Every morning after I left my daughter in her preschool classroom, she cried until she threw up.
Granted, Ellie has an amazing ability to barf practically on demand, so it wasn’t surprising that she did it so readily. The surprising thing was that she cried so much at the start of her second year.
You’d think that with the Twos class under her belt, Ellie would have been ready to rock the Threes class. After all, the teachers, my husband and I, and Ellie herself were armed with tips on coping with separation anxiety from a Jewish Social Services Agency social worker who had worked with us throughout that first year at her beloved Olam Tikvah Preschool..
But here I was, listening to the teacher tell me that Ellie cried until she got sick, had trouble transitioning from activity to activity, and refused to participate in the weekly fitness class. No amount of cajoling or isolating would sway her. It was her last bastion of control and she was not letting it go, damn it.
More JSSA social workers were called…but one day Ellie stopped. She stopped crying, stopped puking and started participating. She suddenly became a model student and has stayed that way ever since. She’s now seven and about to enter second grade.
I’ll never know what worked to get her past her severe separation anxiety; maybe it wasn’t a single thing but a combination of our efforts.
I tell this story because somehow it’s already August, and that means many of us are getting ready to send our children back to school or to school for the first time. It’s exciting, but also really, really stressful for parents and children alike. We worry about things like whether the teacher will be nice and which friends will be in the class—and so do they.
Although I was nervous about sending my baby at 20 months to be cared for, for three hours three times a week by people I had met only once, I didn’t think about how she would feel about being away from me that first year. My naivete meant that Ellie’s separation anxiety blindsided me. Both times.
It turns out separation anxiety doesn’t have a one-time fix. It can return at many points throughout childhood (and even adulthood, one could say). At least now after two major bouts of it and many consultations with professionals, I feel prepared to deal with it. And I want to share what I have learned with you in case you too find yourself kvetching about retching.
1. Create a storyboard. While your child is calm, talk to them about what’s going to happen the next day. Give a step-by-step visual such as, “You’ll get up, brush your teeth, eat breakfast and get your shoes on. Then we will drive to school and play “I Spy” on the way.
When we get there, I’ll walk you to your classroom and hug you and say, “Mommy/Daddy/Grandma/Grandpa/Nanny always comes back. You’ll have time to play, story time, recess, lunch and then after lunch, Mommy/Daddy/Grandma/Grandpa/Nanny will come back.”
2. Follow your script and once you’ve gone through it, walk away. Don’t linger at drop-off. It only draws out the anticipation of the separation longer.
3. Give your child a family photo to stash in their backpacks or on an accessible shelf in the classroom. Tell them to look at it when they feel sad, and think about something fun you all did together.
4. Give your child a security blanket.

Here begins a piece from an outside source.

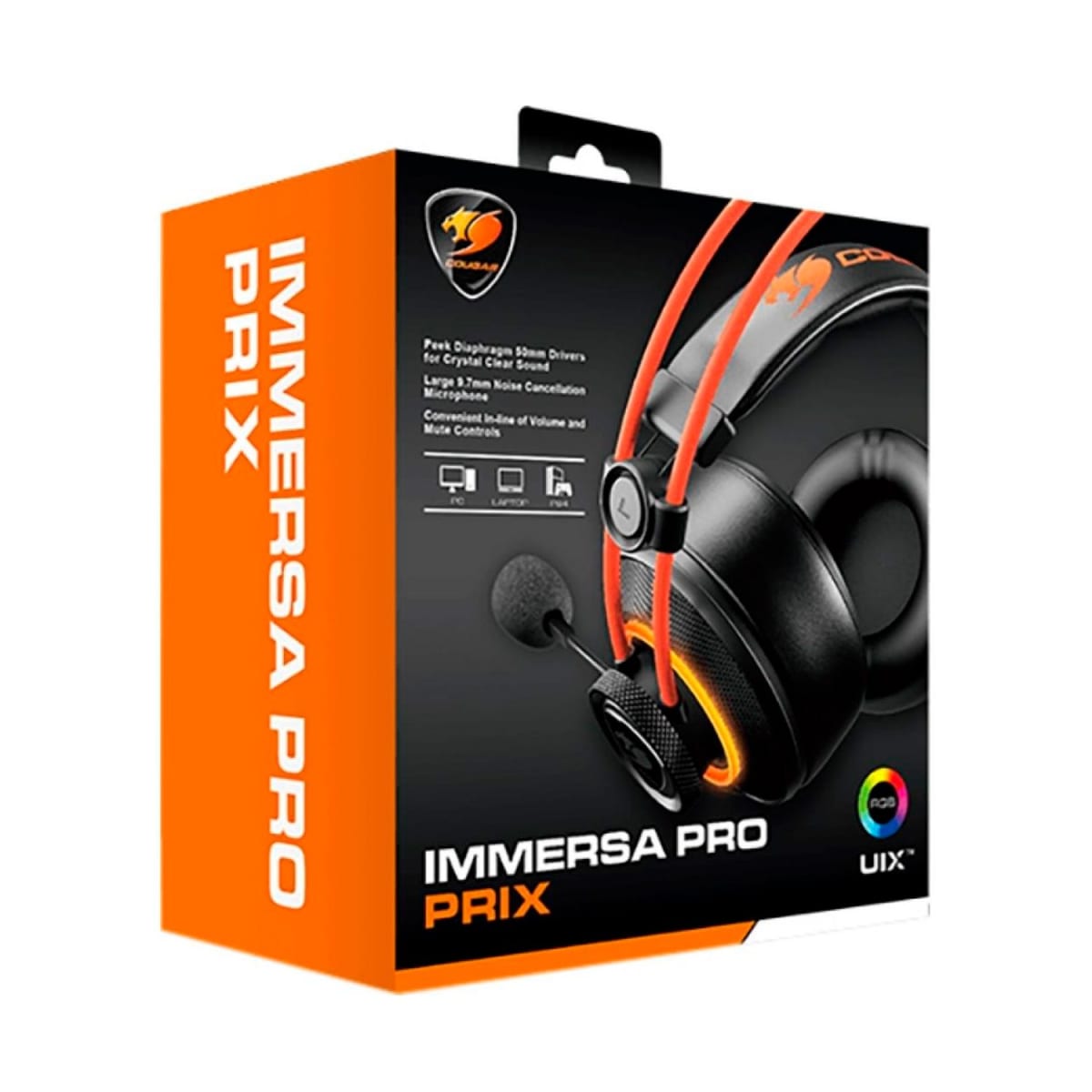 AUDIFONOS GAMER COUGAR IMMERSA PRO PRIX RGB 7.13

Not literally a blanket, unless that’s what works. For preschoolers, it might be a special stuffed animal, or something textural that they can squish or squeeze. Older kids might want something less obvious, such as a piece of jewelry they can look at to inspire happy thoughts.

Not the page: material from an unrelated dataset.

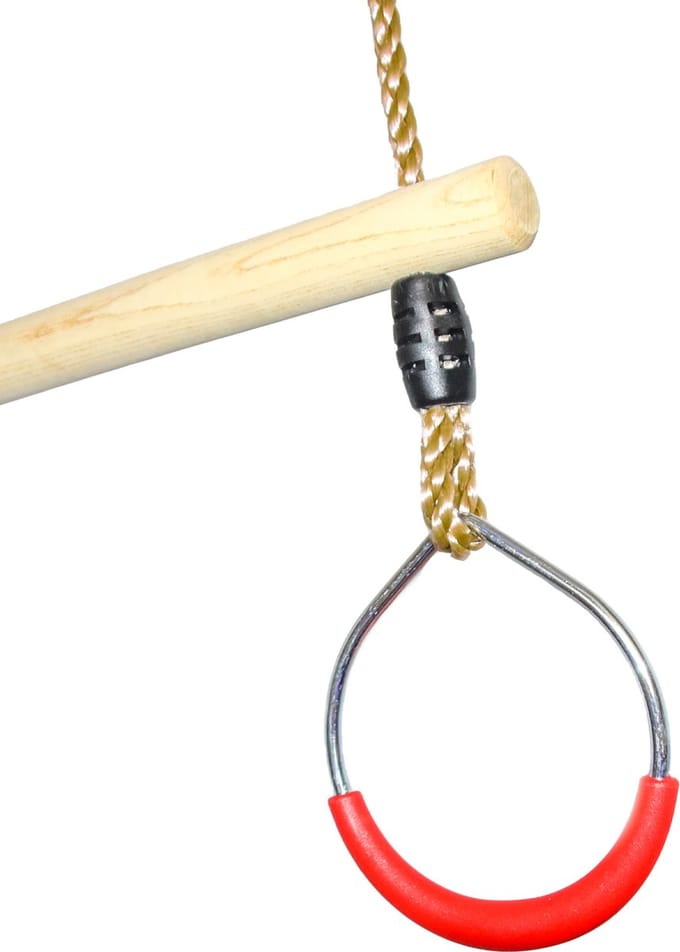 BOOST2 Trapeze met metalen ringen rood voor schommel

5. Teach your child a mantra. Ellie came up with this on her own, but it’s something we used for years and that I later used with her little brother: “Mommy always comes back.”
6. If your child has a sibling or cousin or friend in the same school but a different class, you can ask the teacher to make sure they connect at various points during the day. Letting your child see a familiar face live and in the flesh can help calm their nerves.
Remember that separation anxiety can manifest in not-so-obvious ways, too. Although Ellie marches around the 800-plus-student elementary school like she’s the principal, I notice that she has trouble falling asleep at the beginning of the school year.
She’s subconsciously processing her concerns without being aware of it or able to verbalize it. When this happens, we suggest she refocus her thoughts by reading a book in bed or concentrating on a specific fun activity that happened that day.
I’m not a psychologist or social worker, so my suggestions for dealing with separation anxiety are simply that: suggestions. Rather than an expert, I’m just a mom who’s been there and can say, “This too shall pass.” (Hey, maybe that can be your mantra.) I wish you an easy transition back to school and best of luck during the 2017-18 year.